Creating a business case for any IT investment is never an easy task, but it can be a critical piece of winning the support of your leadership team to take on a key initiative. Business cases help to present the expected benefits that can positively affect the bottom line and improve overall operations, while also helping to put the potential costs and unknown factors associated with the new technology into context. The business case to migrate to a container-based architecture is no different, but it is also not a new technology. So why would now be a good time for your organization to consider it?

The decision to move to containers is not only a technical decision, but also an operational and cultural shift. But organizations can realize a number of benefits with containerization, including increased operational agility and security. Let’s dive into some of the key benefits your organization could see with a move to containers.

Reduces Capital Budget Expenditures

When creating a business case, it’s always good to lead off with the potential for real costs savings. There are many ways the move to containers can help to reduce capital budgets. The first way is with savings in staff costs that come with increases in productivity. Because containers are virtual by their very nature, they are not tied to a specific device (either hard drive or server); instead—whether in the case of disaster recovery or the software development cycle’s code migration process from development to test and to production—code and data can be accessed anywhere, preventing manual movement from team to team.

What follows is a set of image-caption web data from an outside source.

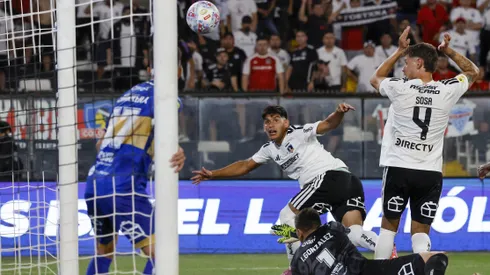 Joaquín Sosa durante el primer gol de Colo Colo ante Everton.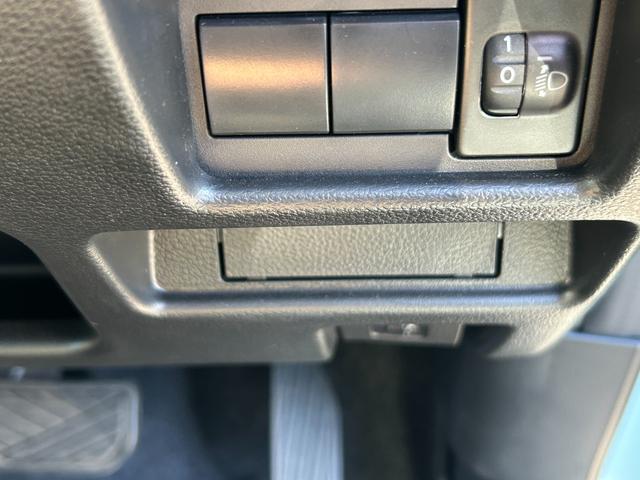 スペーシア ＨＹＢＲＩＤ　Ｘ　元試乗車　フロアマット　オーディオレス（46枚目）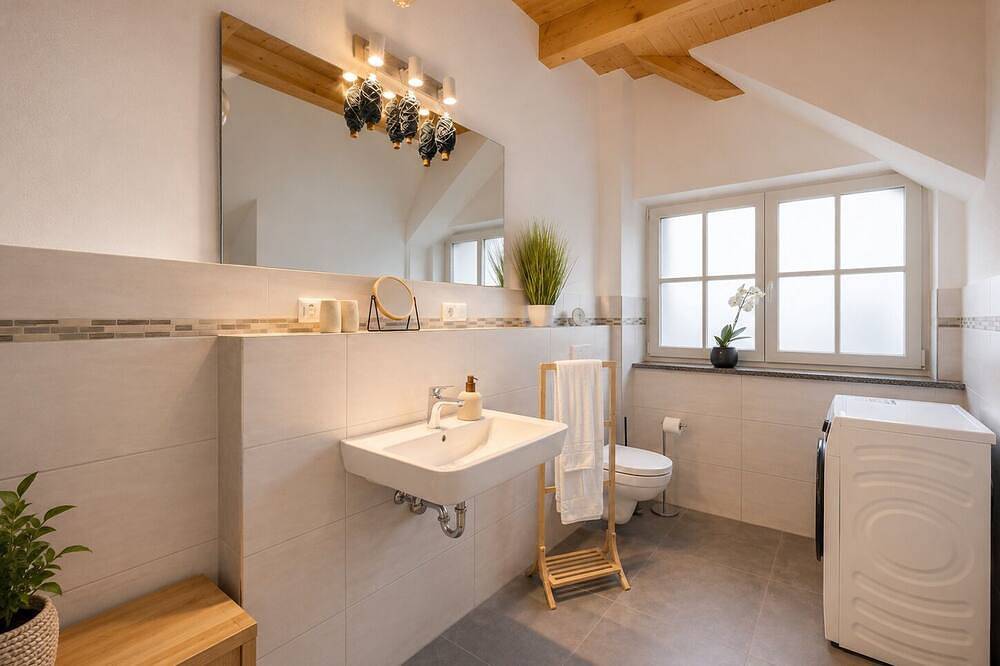 Ganze Wohnung, Liboria Alpenauszeit: Traumhafte Ferienwohnung mit Balkon in Riegsee, Das Blaue Land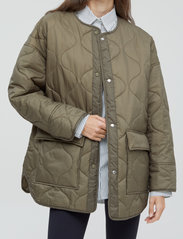 Closed - womens jacket - vestes matelassées - dried basil - 0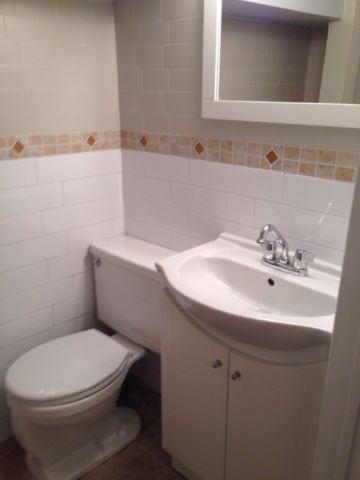 60 Farrow St - Photo 3 of 4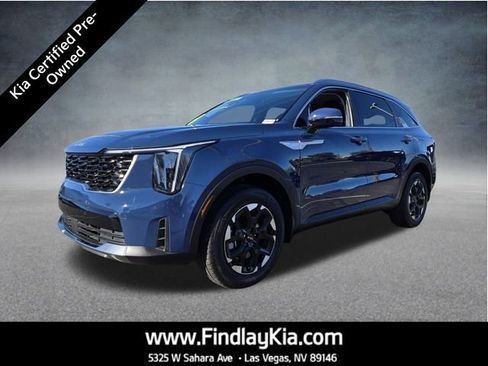 Certified 2025 Kia Sorento S w/ Panoramic Sunroof Package image 1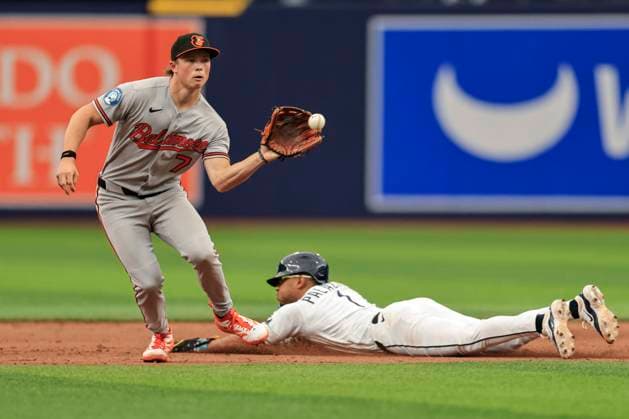May 20, 2026, St. Petersburg, Florida, USA: Tampa Bay Rays second baseman Richie Palacios (1) safely steals second base as Baltimore Orioles second baseman Jackson Holliday (7) throws back to home for a stealing first baseman Ryan Vilade (26) who scores during an MLB, Baseball Herren, USA game on May 20, 2026 at Tropicana Field. The Rays beat the Orioles 5-3 and swept the series. St. Petersburg USA - ZUMAh180 20260520_zsp_h180_117 Copyright: xKimxHukarix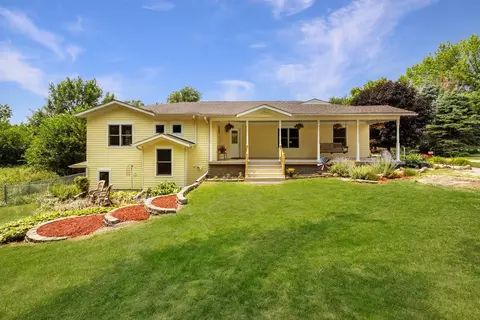 3980 NE 64th St, Altoona, IA 50009
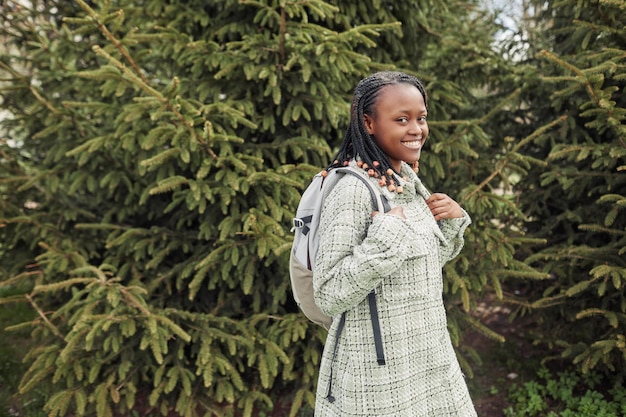 Adolescente marchant dans le parc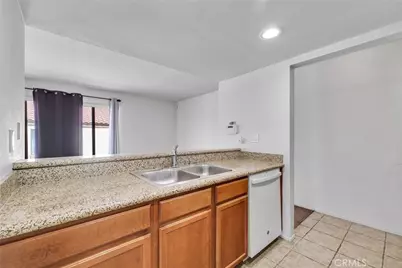 1136 W Blaine Street #203, Riverside, CA 92507 - Photo 19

Organizations will also see infrastructure licensing and vendor cost reductions over time. Containers allow organizations to run on virtually every cloud offering and on-premises because the application images are designed to run on any infrastructure, public or private. Similarly, containers have a lower total cost of ownership because they are not virtual machines with operating system licensing costs or operations and maintenance costs, and they do not need hypervisors to work. Containers are cloud and infrastructure agnostic. No vendor contracts, simplified deployment, and lower maintenance costs all add up to big savings.

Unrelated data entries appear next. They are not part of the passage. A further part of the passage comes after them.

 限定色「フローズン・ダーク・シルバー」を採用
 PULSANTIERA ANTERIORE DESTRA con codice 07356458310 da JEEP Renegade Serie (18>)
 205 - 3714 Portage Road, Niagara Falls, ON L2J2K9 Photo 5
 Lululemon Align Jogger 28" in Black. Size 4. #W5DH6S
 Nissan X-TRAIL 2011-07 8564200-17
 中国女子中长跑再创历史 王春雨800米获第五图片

Increased Business Agility

Working within containers inherently means organizations will have a seamless means to move data from development to production and back again if there are issues. New environments for testing, development, and training can be created without much effort, granting staff the time and ability to take on parallel work streams enabled by the standardization and consistency a container providers in any environment. In other words, staff will have more time to feature development.

Enhanced Flexibility

Both idle resources and overprovisioned services generate wasted costs. Instead of buying or leasing more cloud or on-premises equipment than you need or worrying you underestimated, with containers, as long as you have enough resources available on the host, you can just spin up more containers if you need them. Instead of big server purchases, more precise, smaller server purchases can be made to make way for the containers you need, growing your footprint in smaller, more cost-effective blocks.

Better Security

The commonly heard weakness regarding containers comes from the idea that once an attacker gains access to a host, all containers are at risk. However, the industry and the technology have evolved. First, containers only have to run the OS capabilities they need, limiting the number of vulnerabilities that could be exploited. Second, containers run in an unprivileged mode, meaning access up to the root or outside of that container isn’t possible. And, finally, each container has its own memory and CPU, meaning it is isolated from other containers, so attackers can’t move laterally. A single container can also be blown away if it is corrupted, without affecting any others on the same host.

Finalizing the Business Case

The case for container adoption writes itself in many ways. From increases in flexibility to lower maintenance costs, containers can deliver plenty of business value to justify the return on investment. So if you thought you knew containers and what they could mean for your organization, now is a great time to rerun your numbers.